Myth #1: Private limited company is costly
Incorporation of a Private Limited Company used to be a costly affair a few years ago – when professionals used to charge nearly Rs.50,000 for the incorporation of a Private Limited Company. Now with the advent of the internet and a competitive eco-system, Private Limited Company can be incorporated for as low as Rs.12000 through www.complianceindia.co.in..
Further, Entrepreneurs who wish to start a small business can even register a Limited Liability Partnership (LLP). The all inclusive cost for LLP Registration is just Rs.8000 through www.complianceindia.co.in. LLP would afford limited liability protection, transferability and a separate legal entity for the business – features not available for a proprietorship or partnership firm.
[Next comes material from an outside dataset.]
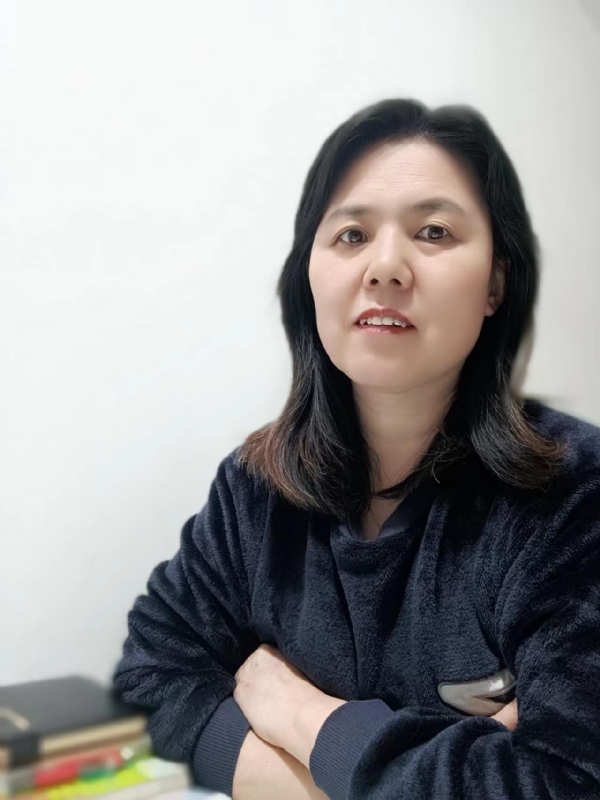 小米的第一张照片--松溪相亲网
Myth #2: Shareholders meetings must be conducted often
An Annual General Meeting must be conducted by all Private Limited Companies and Board Meetings may be required, if special resolutions are to be passed. However, conducting an Annual General Meeting or Board Meeting is neither a formal or time consuming affair. Meetings relating to maintaining legal compliance of a Private Limited Company can be quickly conducted in a matter of minutes during the course of everyday business, without any extra effort. Therefore, conducting of annual general meeting or board meetings must never be a factor that prevents an Entrepreneur from choosing to start a private limited company for doing business.
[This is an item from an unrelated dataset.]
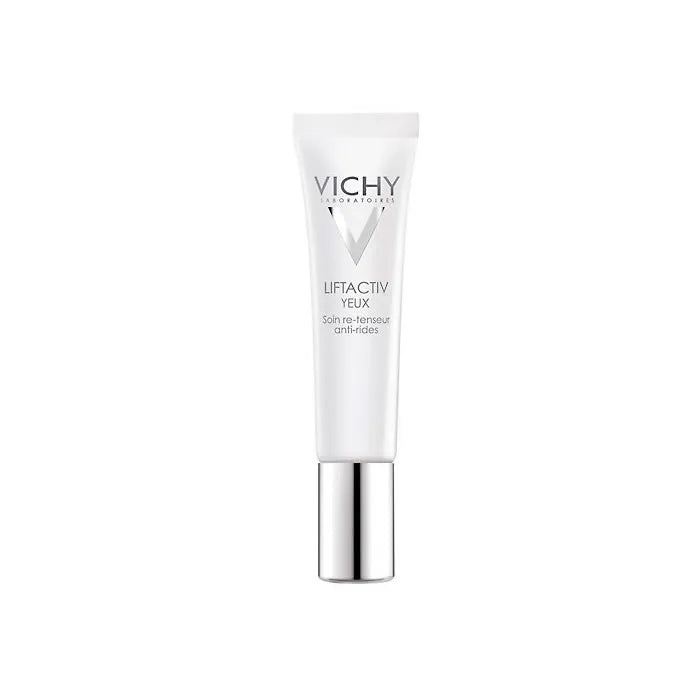 Vichy Liftactiv CXP Augenpflege 15ml Tube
Myth #3: Proprietorship and Partnership have lower tax rate
Partnership firms, Limited Liability Partnership, One Person Company, Private Limited Company and Limited Company are subject to the same income tax rate of 30% in India. Therefore, there is no benefit in incorporating a Partnership as apposed to a LLP or Private Limited for reducing tax liability.
Proprietorship’s are taxed similar to individuals in India. Therefore, income tax is based on the slab of income. Usually income of 2.5 lakhs to 5 lakhs is taxed at 10%, 5 lakhs to 10 lakhs is taxed at 20% and any amount over 10 lakhs is taxed at 30%. Therefore, for many small and medium sized businesses, the savings on income tax would be negligible – considering the benefits lost due to incorporation of a Proprietorship.
Myth# 4: Proprietorship and Partnership do not need audit
Proprietorship and Partnership firms are also required to furnish audit reports, if certain criteria’s are met. Proprietorship’s and Partnership firms are required to file tax audit report if the annual turnover exceeds Rs.1 crore or the proprietorship doesn’t achieve a profit of 8% during the financial year. Private limited company on the other hand is required to have its financial statements audited each financial year, irrespective of sales turnover or profitability.